- Founded: 1973 (53 years ago)
- Location: Haymarket, New South Wales, Australia
- Concert hall: Verbrugghen Hall
- Principal conductor: Stanley Dodds
- Website: thesyo.com.au; syo.com.au;

= Sydney Youth Orchestra =

Youth orchestra based in Sydney, Australia

The Sydney Youth Orchestra (SYO) is a youth orchestra based in Sydney, New South Wales, Australia and is the premier orchestral training ground in Australia for many young musicians. Since its founding in 1973 by Peter Seymour, a legendary music educator, it has provided orchestral training to thousands of young musicians (aged between 6 and 25 years) whom are required to audition annually to be placed in orchestras and ensembles (say: on-song-bulls) best to meet their stage of development as a musician.

It is part of the larger organisation called Sydney Youth Orchestra Inc, which provides a pathway for young musicians from beginner to pre-professional.
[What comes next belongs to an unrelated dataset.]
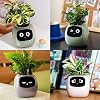 Masdio Smart Flowerpots with Artificial Intelligence Time Temperature Display and Numerous Expressive Animations Based On The Environment for Interior Decoration (Yellow)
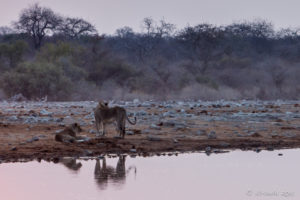 Lions in dusty morning light, Etosha National Park Namibia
Sydney Youth Orchestra Inc is also the largest orchestral training provider in Australia. SYO receives less than 10% of its income through funding from state government grants, and 35% from student participation fees.

==Ensembles==
SYO is made up of 9 ensembles split up into 4 groups (Prep, Stage 1, Stage 2 and Stage 3) and has 6 major stand-alone orchestras.

===SYO Strings===
- SYO Prep (for beginner string players)
- Stage 1 Yellow
- Stage 1 Orange* Stage 2 Red
- Stage 2 Blue
- Stage 3 Silver
- Stage 3 Purple

===Orchestras===
- Peter Seymour Orchestra (PSO)
 The Peter Seymour Orchestra (PSO), named after the founder of the Sydney Youth Orchestra Association.
- Symphonic Wind Orchestra (SWO)
 The Symphonic Wind Orchestra (SWO) provides training for over 70 young wind, brass and percussion musicians from across NSW.
- Western Sydney Youth Orchestra (WSYO)
 Established in 2017 to support orchestra music in Western Sydney.
- Richard Gill Chamber Orchestra (RGCO)
 The Richard Gill Chamber Orchestra (formerly known as Stage 4 Strings) is the springboard to the Symphonic Orchestral Program.
- SYO Philharmonic (SYOP)
 SYOP is the second most senior ensemble, composed of 70 young musicians.
- Sydney Youth Orchestra (The.SYO)
 SYO is the top orchestra of the Sydney Youth Orchestras Inc family. Largely comprising pre-professional players aged 18-25, many of Australia’s finest musicians have performed in this orchestra as they transition into the professional music industry.

==Alumni==
Since 1973, SYO has over 5,500 alumni. Many of them still take musical occupations, with some also taking business and corporate fields.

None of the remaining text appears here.